As the national survey and mapping organization of the country, Survey of India, completes 250 years of serving the nation, the happiness on Dr. Swarna Subba Rao’s face is palpable. Taking the podium at the Esri India User Conference 2017, the Surveyor General of India declares to thunderous applause, “We are celebrating this achievement with several technical programs, starting next week with Geospatial World Forum at Hyderabad.”
The path to this achievement may have had its fair share of roadblocks, but it’s the demands that have arrived with the digital age that have forced Dr. Rao to pull his sleeves up. “This transition, which has taken place in the last decade, has not made my job any easier,” he laughs. “There used to be occasions when people would be happy with even five-year-old maps. Today, they want maps of yesterday. And if they are allowed to have their way, they would want maps of tomorrow!”
Dr. Rao recalls the lengthy, detailed discussions SOI would have with its clients for any project coming its way, taking its own sweet time to deliver the results. “Today, if the rail network needs to be extended by 100kms, and I tell them I would provide the map by next year, they will never come back to me. Now, I have to talk in terms of ‘weeks’, and sometimes even ‘days’.”
Detailing how clients today only want maps that are GIS-compatible or GIS-ready, Dr. Rao adds, “People are not just asking for data these days, but solutions. And since the SOI map is an authoritative document that can be produced in the court of law, it is a huge responsibility on our shoulders. We cannot afford to go wrong in any of the map sheets.”

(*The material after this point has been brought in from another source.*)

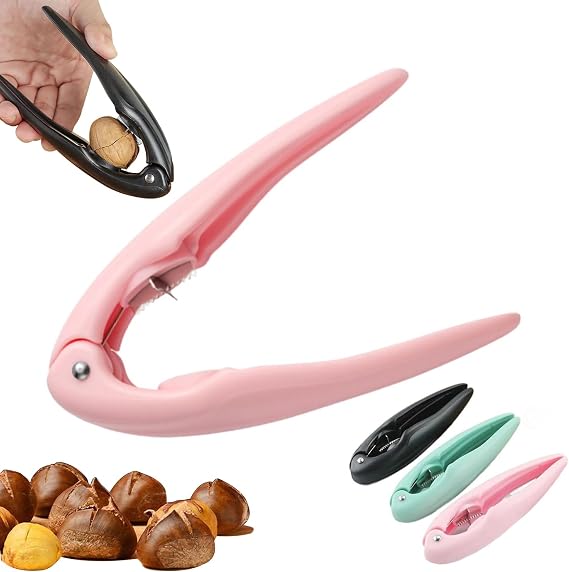 Chestnut Peeler Chestnut Cutter Tool and Scoring Nutcracker Clip Knife for Chestnuts Walnut and Nuts Dried Fruit Opener Roaster Scissors Essential Kitchen Tool (C-pink)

On digitization and real-time data collection
The average age of the employees at SOI today is 55 years. This staff started their careers with hard copy maps. The workflow involved passing the map sheet from office to office, with corrections being made at every stage. Today, if this methodology is adopted, SOI would not be able to complete its plan of mapping the entire country at 1:10,000 scales even in the next decade. “We require complete automation of our workflow with the help of information technology. We need customized software on the management and administration side as well,” insists Dr. Rao.
“The need of the hour is to digitize the data the day it is collected. I cannot afford to send a man back in the field to make a correction; I need to be able to see the data in real-time and get the requisite changes done. Luckily, we have been able to get our employees interested in the digital environment. This has been made possible by adopting the right practices and technologies.” Nonetheless, SOI has so many projects in its kitty that even with a 5,000-strong manpower, the mapping agency has to outsource most of its work.
On Geospatial Information Regulation Bill draft
The Surveyor General is convinced that it is the huge impact made by GIS technology that has made the government, organizations and individuals aware about the importance of maps. “Today, many departments in the Government of India are implementing their programs and processes using GIS. The government is leveraging geospatial technologies in all its flagship projects as well, such as, Smart Cities and Clean Ganga programs,” he points out.
However, if the country has woken up to the power of g-tech, how does one explain the regressive Geospatial Information Regulation Bill draft proposed by the government in 2016? A smile punctuates Dr. Rao’s lips as he responds. “I understand that the draft bill was quite stringent. But, rest assured, the geospatial policy that will come up will be very user and industry-friendly. The realization has come that a lot of relaxation is required on our part, and this message has reached the decision makers also,” he promises. Well, now, that’s a relief!